Il cous cous alla Norma io non l’ho assaggiato. Però ho girato la salsa di pachino girando la semola con un cucchiaio di legno e ho aggiunto le melanzane fritte. Melanzane che raccontano una storia nella storia. Che comincia al ristorante Costello in Piazza Solferino e che è unito ancora una volta alla Mamma di Francesca, la dolcissima Signora Filippi che mai smetterò di ringraziare. E alla stessa Milly in una notte di pioggia mentre Baldo ha paura e si rintana e accuccia in macchina.

Sono storie nelle storie. Fiabe nelle fiabe e intrecci nelle trecce di Estella a Vaie. E’ tutto infinitamente grigio come gli occhi di Antonia e sa tutto di risata di Cey. E’ l’abbraccio caldo e potente con Ilaria che mi fa sobbalzare e Marty che ti tiene a braccetto mentre sogno di tuffarmi e perdermi tra i capelli e le trame della sconfinata bellezza di Ilaria. E’ davvero il calore di tutto quello che è successo. E’ davvero tutto nel tragitto di quel tappeto magico che ci ha portati all’Hafa Cafè.
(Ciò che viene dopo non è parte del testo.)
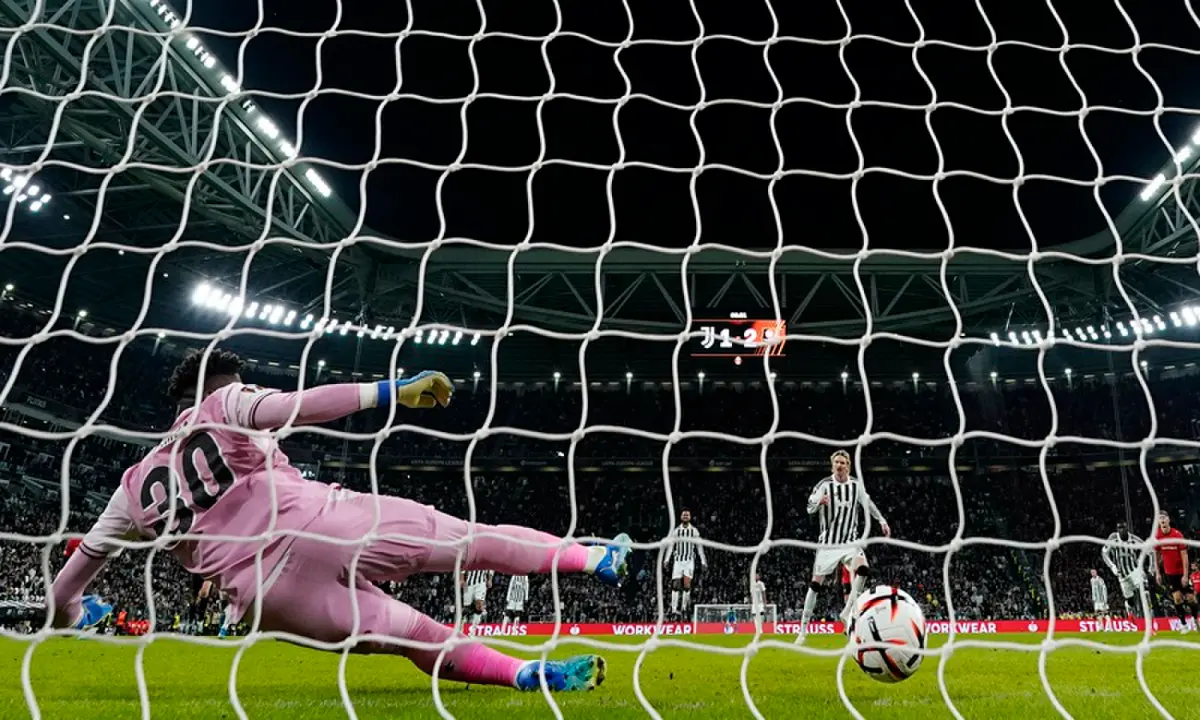 Juventus&rsquo; Nick Woltemade scores from the penalty spot past Rennes goalkeeper Brice Samba during their UEFA Europa League first-round match at the Allianz Stadium in Turin, Italy, on October 22, 2026. &mdash;Reuters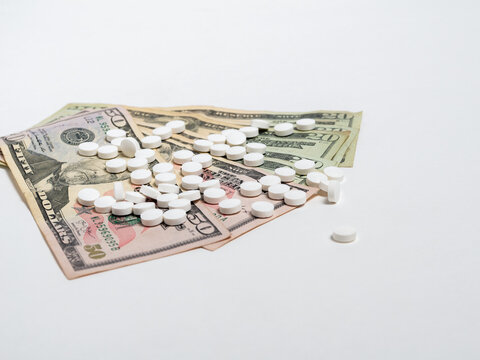 White Pills Scattered on US Dollar Bills Representing Healthcare Costs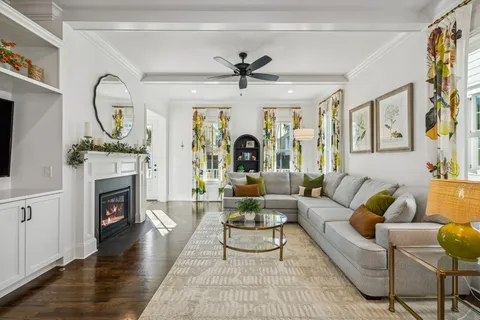 a living room with furniture a fireplace and a chandelier
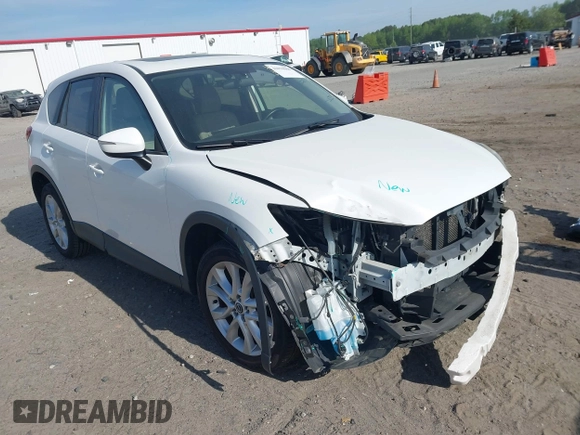 2015 Mazda CX-5 Grand Touring with VIN JM3KE2DY5F0498718, listed as a IAAI auction lot 42070000 with 129,327 mi miles. Bid and sale history available at carsss.com. Image 1.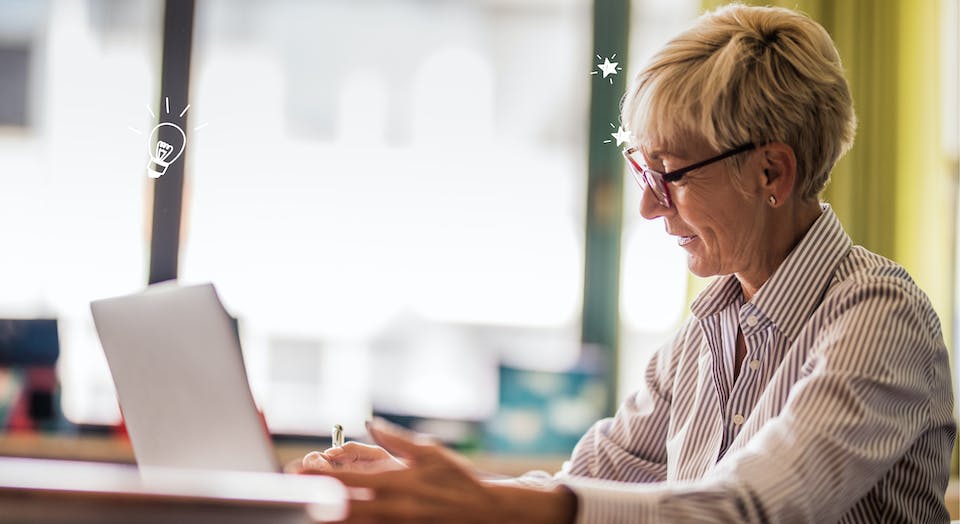 Educator with glasses smiling and writing with a pen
Non è stato un evento di una blogger con Cous Cous alla Norma. E’ stata una catalizzazione di amore e rispetto reciproco. Dove ognuno in egual parte ha sgranato singolarmente ogni granello di cous cous e dolore sfornando in assoluto il timballo dell’amicizia. Quello che ti fa stare stretto stretto aggrappato all’altro. Con un po’ di frittura per allietare ma equilibrando con la semplicità della salsa di pomodoro. Spruzzando ricotta salata introvabile e assaggiando ognuno una forchettata dell’altra. Arriva anche Irene con le sue due bambine che hanno scarpe lampeggianti come fossero scrigni magici. Si avvicina e mi dice che viene da Rivoli. Che le faceva piacere conoscermi. Che. E io sto lì ferma immobile a pensare a quale sorta di incantesimo magico che sa di ricetta abbia potuto generare tutto questo.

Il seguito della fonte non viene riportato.